La legittimazione dell’appropriazionismo come modalità espressiva autonoma e svincolata dalla parody defence, espressa in quest’ultima sentenza americana, sembra essere condivisa anche dai nostri giudici. Una recente decisione del Tribunale di Milano a proposito dell’uso da parte di John Baldessari di una forma scultorea con riferimento evidente alle inconfondibili silhouette di Alberto Giacometti, ripetuta più volte, ingigantita e abbigliata con tessuti multicolori e accessori chiassosi, ci dice che se l’opera appropriante ha veramente un’ autonoma e forte creatività perché trasmette un messaggio nuovo e del tutto proprio, l’uso di un’ opera altrui non è illecito. La traslazione da parte di Baldessari della sofferente donna post-bellica di Giacometti nella donna fashion victim contemporanea, l’alternanza di registro alto e basso, il gigantismo e la ripetizione pop che si oppongono all’essenzialità esistenzialista, sono differenze rilevanti e palesi che dimostrano senz’altro che le due opere esprimono una diversa visone del mondo e dell’arte.

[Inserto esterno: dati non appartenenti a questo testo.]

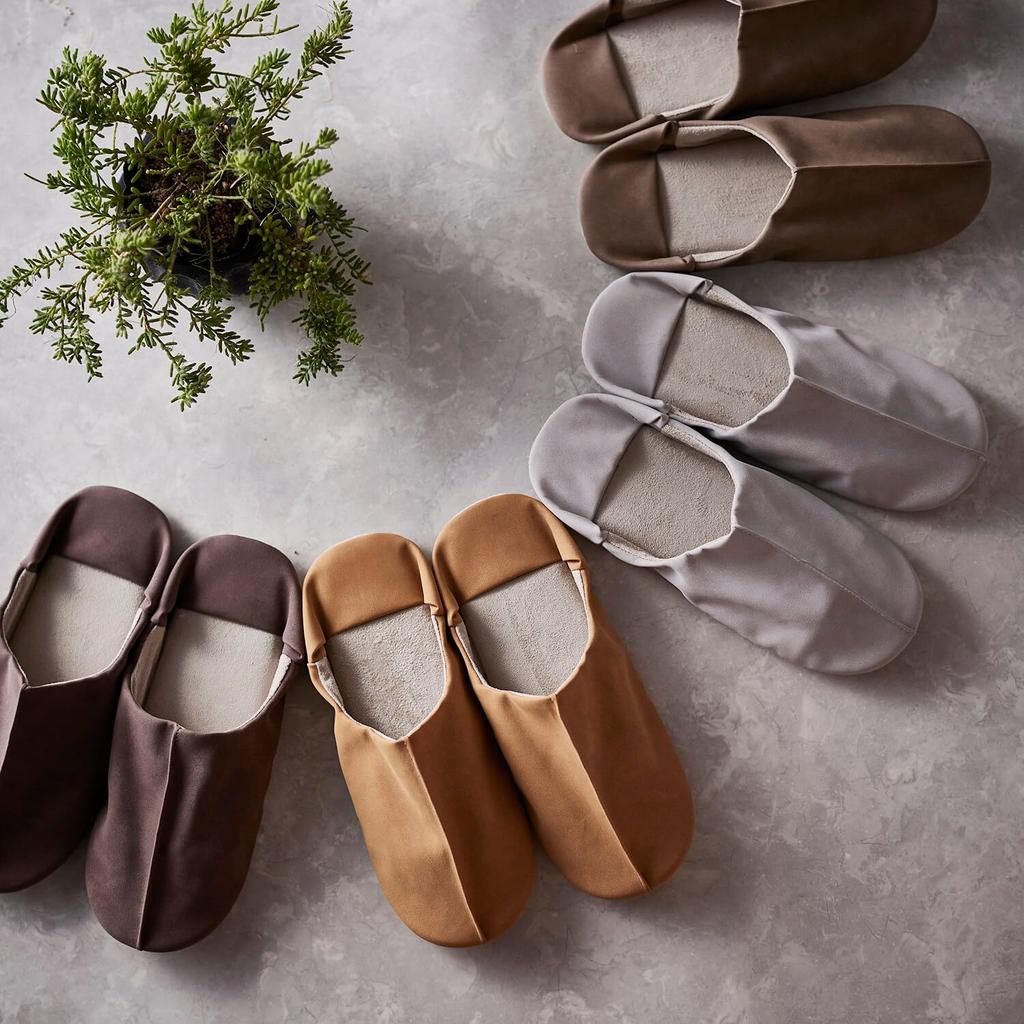 Belle Maison Washable Slippers for Compact and Includes Storage Bag 4-Pair Guests,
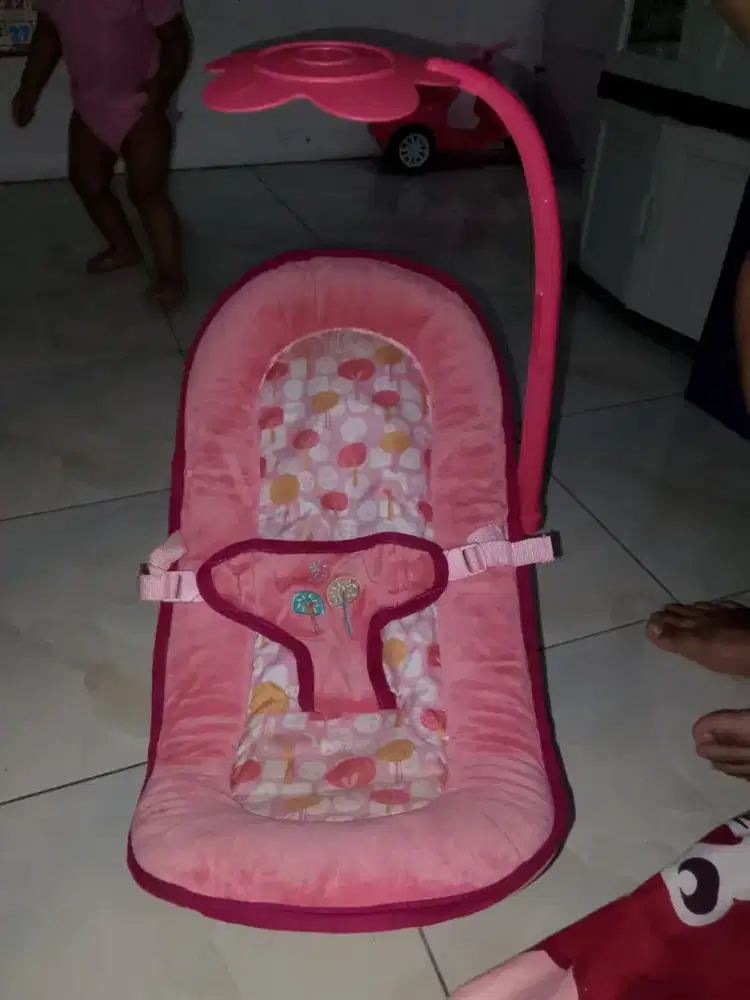 bouncer baby pink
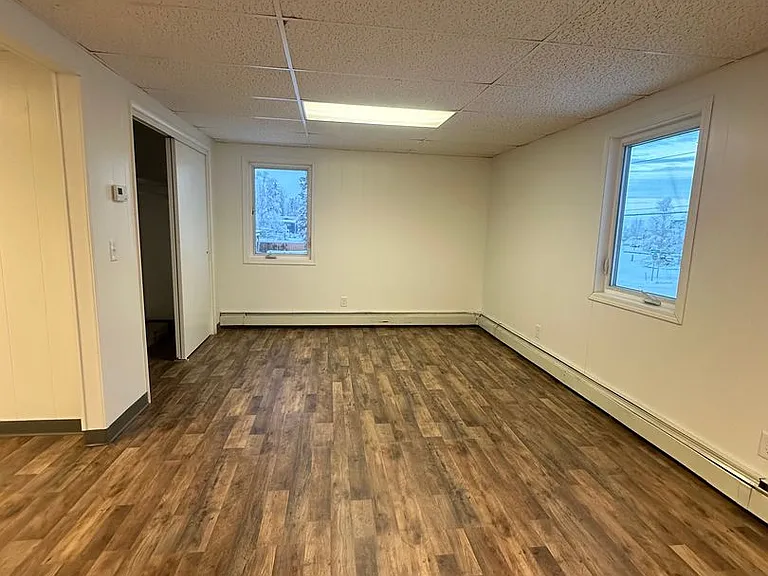 1007 Aurora Dr — Photo 3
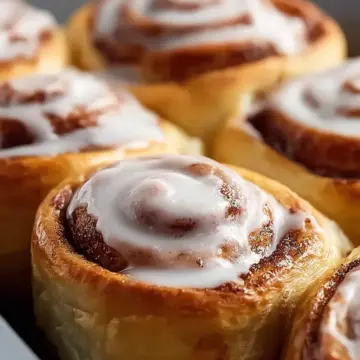 Fat-Free Greek Yogurt Cinnamon Rolls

Sebbene assuma come punto di riferimento concettuale un precedente dello stesso Tribunale di qualche anno prima in tema di parodia letteraria (dunque di un’ ipotesi di tipica antitesi ideologica fra le opere), la decisione sul caso Baldessari sembra si svincoli progressivamente dalle griglie della parody defence, come ora fatto dai giudici americani: il nuovo significato estetico e ideologico dell’opera successiva sarebbe di per sée (a prescindere da intenti parodistici, di critica o commento) una ragione sufficiente per accedere alla piena libertà di espressione – anche tramite appropriazione – da parte dell’opera successiva.